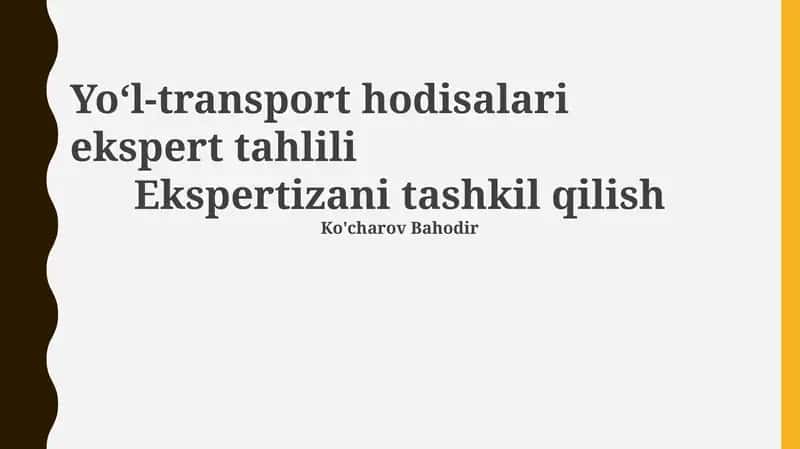 Yo‘l-transport hodisalari ekspert tahlili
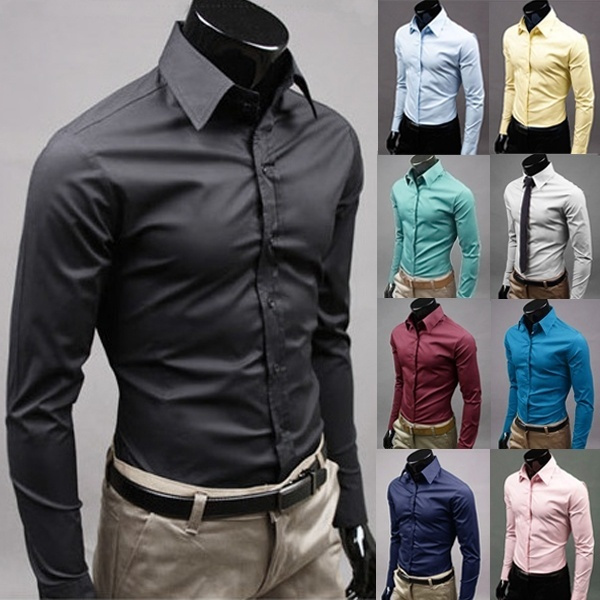 20 Colors Men Fashion Long Sleeve Sim ...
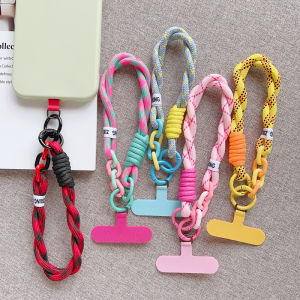 Colorful Cute Twisted Color Block Double Ring Lanyard Phone Chain Wrist Strap Dual Buckle Spring Ring Compatible with All Models Full Cover Phone Case Clip Chain Double Strand Woven Durable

■ Task goal ■
Return an exact copy of the data above, apart from any pictures.

■ Response area ■
 Yo‘l-transport hodisalari ekspert tahlili
 20 Colors Men Fashion Long Sleeve Sim ...
 Colorful Cute Twisted Color Block Double Ring Lanyard Phone Chain Wrist Strap Dual Buckle Spring Ring Compatible with All Models Full Cover Phone Case Clip Chain Double Strand Woven Durable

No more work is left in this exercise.